Roanoke Times Copyright (c) 1995, Landmark Communications, Inc. DATE: FRIDAY, February 24, 1995 TAG: 9502240076 SECTION: VIRGINIA PAGE: B-1 EDITION: METRO SOURCE: TODD JACKSON STAFF WRITER DATELINE: COLLINSVILLE LENGTH: Medium
Sitting beside the fried chicken and glazed doughnuts was a big, blue plastic jar full of money - $1s, $10s, $20s, $50s and $100s.
And standing beside the jar in the front office of the Cable 6 studios was its main recipient - Bill Wyatt, a television personality with the Henry County station.
Wyatt had a smile on his face, as well he should have.

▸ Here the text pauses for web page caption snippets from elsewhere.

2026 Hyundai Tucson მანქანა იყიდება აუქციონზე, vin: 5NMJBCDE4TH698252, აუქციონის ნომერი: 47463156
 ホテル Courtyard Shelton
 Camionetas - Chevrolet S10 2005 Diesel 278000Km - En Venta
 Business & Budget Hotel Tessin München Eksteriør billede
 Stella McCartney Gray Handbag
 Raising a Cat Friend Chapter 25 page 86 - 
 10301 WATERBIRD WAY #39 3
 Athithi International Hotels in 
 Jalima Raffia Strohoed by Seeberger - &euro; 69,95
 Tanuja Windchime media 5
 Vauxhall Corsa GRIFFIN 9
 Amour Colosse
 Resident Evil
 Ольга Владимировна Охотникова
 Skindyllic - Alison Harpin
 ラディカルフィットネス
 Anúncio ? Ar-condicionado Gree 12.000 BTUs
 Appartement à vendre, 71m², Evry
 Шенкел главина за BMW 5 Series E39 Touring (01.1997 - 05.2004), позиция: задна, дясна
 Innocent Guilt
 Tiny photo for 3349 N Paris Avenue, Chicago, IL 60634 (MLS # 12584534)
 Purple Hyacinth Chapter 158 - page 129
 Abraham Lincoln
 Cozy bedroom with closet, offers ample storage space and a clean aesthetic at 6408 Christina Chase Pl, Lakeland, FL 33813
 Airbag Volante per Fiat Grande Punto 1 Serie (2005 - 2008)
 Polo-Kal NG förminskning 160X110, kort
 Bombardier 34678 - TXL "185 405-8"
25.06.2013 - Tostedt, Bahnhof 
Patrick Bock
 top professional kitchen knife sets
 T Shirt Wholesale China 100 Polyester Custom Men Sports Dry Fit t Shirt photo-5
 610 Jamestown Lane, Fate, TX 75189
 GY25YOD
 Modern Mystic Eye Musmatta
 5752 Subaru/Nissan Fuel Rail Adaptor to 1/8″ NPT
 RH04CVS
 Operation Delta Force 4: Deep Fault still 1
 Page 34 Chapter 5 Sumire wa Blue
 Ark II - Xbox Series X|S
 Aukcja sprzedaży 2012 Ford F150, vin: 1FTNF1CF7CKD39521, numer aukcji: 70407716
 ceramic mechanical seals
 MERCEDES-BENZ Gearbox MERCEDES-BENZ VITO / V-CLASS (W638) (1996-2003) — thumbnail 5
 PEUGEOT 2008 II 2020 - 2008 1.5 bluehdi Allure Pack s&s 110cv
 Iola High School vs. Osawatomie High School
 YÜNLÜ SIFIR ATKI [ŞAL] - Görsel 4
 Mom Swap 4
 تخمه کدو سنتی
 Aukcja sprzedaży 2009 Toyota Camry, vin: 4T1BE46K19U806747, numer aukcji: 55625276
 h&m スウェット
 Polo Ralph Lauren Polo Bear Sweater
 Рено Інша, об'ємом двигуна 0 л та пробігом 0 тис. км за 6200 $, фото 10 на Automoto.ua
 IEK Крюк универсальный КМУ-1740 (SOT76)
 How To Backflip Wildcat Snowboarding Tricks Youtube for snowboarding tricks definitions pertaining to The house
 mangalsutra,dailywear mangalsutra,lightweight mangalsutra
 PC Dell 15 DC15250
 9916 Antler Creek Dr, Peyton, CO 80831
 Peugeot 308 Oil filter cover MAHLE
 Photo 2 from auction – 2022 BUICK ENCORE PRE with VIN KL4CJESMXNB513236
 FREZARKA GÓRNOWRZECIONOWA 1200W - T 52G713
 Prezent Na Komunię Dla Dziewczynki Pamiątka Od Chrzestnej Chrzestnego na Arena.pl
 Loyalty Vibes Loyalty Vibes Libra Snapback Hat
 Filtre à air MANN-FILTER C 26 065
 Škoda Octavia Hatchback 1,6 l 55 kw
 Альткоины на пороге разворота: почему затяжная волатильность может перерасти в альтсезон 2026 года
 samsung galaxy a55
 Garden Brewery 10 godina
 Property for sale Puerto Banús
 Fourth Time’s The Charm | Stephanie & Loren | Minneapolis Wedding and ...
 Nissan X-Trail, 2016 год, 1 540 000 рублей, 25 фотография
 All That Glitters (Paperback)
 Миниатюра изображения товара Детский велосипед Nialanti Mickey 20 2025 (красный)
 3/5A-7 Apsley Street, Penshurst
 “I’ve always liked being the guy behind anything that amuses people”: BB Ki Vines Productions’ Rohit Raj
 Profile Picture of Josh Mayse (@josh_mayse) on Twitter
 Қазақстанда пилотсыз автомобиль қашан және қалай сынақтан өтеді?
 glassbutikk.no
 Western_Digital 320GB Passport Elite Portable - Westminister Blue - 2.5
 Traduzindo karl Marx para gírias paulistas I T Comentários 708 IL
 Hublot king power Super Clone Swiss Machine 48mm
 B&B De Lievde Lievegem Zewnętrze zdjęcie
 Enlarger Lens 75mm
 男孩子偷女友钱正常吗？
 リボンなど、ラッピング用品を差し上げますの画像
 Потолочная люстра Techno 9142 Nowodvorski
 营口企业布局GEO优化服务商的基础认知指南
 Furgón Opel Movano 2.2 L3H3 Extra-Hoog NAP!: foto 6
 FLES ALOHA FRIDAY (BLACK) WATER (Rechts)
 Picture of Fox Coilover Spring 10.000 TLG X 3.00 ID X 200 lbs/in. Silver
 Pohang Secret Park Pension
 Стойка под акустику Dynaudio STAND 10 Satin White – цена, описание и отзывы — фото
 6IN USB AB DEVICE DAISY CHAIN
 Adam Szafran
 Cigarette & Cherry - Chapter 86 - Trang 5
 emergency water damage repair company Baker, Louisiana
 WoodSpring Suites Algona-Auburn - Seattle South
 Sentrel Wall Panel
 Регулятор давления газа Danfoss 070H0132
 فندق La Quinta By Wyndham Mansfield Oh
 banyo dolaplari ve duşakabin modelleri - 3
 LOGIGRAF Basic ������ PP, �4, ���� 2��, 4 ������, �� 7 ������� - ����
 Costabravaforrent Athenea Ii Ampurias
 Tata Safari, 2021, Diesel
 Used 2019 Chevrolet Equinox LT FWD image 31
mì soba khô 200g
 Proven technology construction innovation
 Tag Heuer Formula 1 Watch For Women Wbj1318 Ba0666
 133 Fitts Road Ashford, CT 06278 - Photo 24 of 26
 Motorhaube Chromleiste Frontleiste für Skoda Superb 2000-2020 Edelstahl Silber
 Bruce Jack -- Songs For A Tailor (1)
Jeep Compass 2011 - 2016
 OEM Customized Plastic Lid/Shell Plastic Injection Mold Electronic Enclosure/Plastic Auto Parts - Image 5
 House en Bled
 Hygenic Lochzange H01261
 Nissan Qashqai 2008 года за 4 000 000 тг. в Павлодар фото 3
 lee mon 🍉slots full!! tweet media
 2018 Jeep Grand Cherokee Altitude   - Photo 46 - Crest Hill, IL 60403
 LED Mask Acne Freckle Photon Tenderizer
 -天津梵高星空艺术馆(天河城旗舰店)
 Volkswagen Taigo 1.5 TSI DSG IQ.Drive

Viewers responded to a station telethon for Wyatt and his 80-year-old retired father, Dan, by contributing more than $19,000 in cash and checks as of 5 p.m. Thursday, according to a Cable 6 count.
The goal for the telethon - which started at 4 p.m. Wednesday and was continuing into Thursday evening - is $31,000, the amount Wyatt was loaned by a Martinsville bank three years ago.
Dan Wyatt co-signed the loan, which Bill Wyatt used to buy stock in the Southern Broadcasting Corp.
Southern Broadcasting is the holding company of the television station Bill Wyatt founded and used to work for, Martinsville's Channel 57 - which just happens to be Cable 6's main competitor in Henry County.
Wyatt claims that Southern Broadcasting's board of directors is strangling his efforts to sell the stock and pay off the loan, which the bank now is calling in.
He said he and his father will be destroyed financially without help.
Southern Broadcasting's attorney, Wayland Hundley, said Wyatt's portrayal of the stock issue "has nothing to do with reality."
He said Wyatt was offered a settlement but wouldn't take it.
But the controversy over the loan and the stock isn't nearly as interesting as the results of the telethon.
Thursday morning there was a line of people out the door waiting to make a contribution to the cause. Wyatt's 11-year-old son, Danny, took the day off from school to do his part; he interviewed the contributors on the air as they filed out the door.
"There's plenty of people out here in the parking lot that are giving us money," Danny chirped. "They're saying they want Southern Broadcasting to fall to its knees."
Henry Countian Jackie Reynolds, who has been off work due to an injury for several months, showed up to contribute a $25 check.
"If I was done like Channel 57 did [Bill Wyatt], then I'd want the help, too," he said.
Reynolds, like a majority of the people who came to give money to the "Help Bill Fund," is a blue-collar worker over 50.
Another was Garfield Handy of Ridgeway, who gave a $20 check to Cable 6 on Wednesday, but showed up again Thursday to contribute a $100 check from his 79-year-old sister, who wasn't able to make the trip herself.
"Bill needs help," he said.
The donations came in nonmonetary forms as well. People brought fried chicken, macaroni and cheese, doughnuts and cinnamon rolls.
A craftsman brought a basket full of items to be sold on the air. He caught a cab to get to Cable 6.
"It's people against the establishment," said Cable 6 owner Charles Roark, who maintains that Channel 57 is operated by a handful of the most powerful people in Henry County.
Not all in Henry County, however, are gung-ho about the Cable 6 cause.
"I like to refer to [Cable 6] followers as a cult," said Larry Crotty of Collinsville, "because that's what they remind me of." Hundley, Channel 57's attorney, said, "I think, for the most part, people feel sorry for the people at Cable 6 because they're - how should I say this - taking the road less traveled."
But road less traveled or not, Cable 6 fans think enough to chip in when they believe their heroes are down.
One Martinsville couple contributed $1,000 to the "Help Bill Fund."
Bill Wyatt himself said the generosity of his viewers is "a little hard to believe."
Wyatt's name recognition in Henry County skyrocketed when the national media grabbed a story that Cable 6 broke: Wyatt's affair with a co-worker when he worked at Channel 57, and the shenanigans that followed. Wyatt soon was hired by Cable 6, where he is a reporter and news anchorman.
So yes, Wyatt is now reaping the "benefits" of working for the television station that threw his personal life in front of the nation.
Cable 6 - known for its aggressive and, at times, outrageous approach to the news - is now well-known outside its market.
Wat Hopkins, a professor who teaches media law and ethics at Virginia Tech, had this to say Thursday about the station's antics:
"It certainly doesn't add credibility to television. It's more like what you would see on a bad soap opera."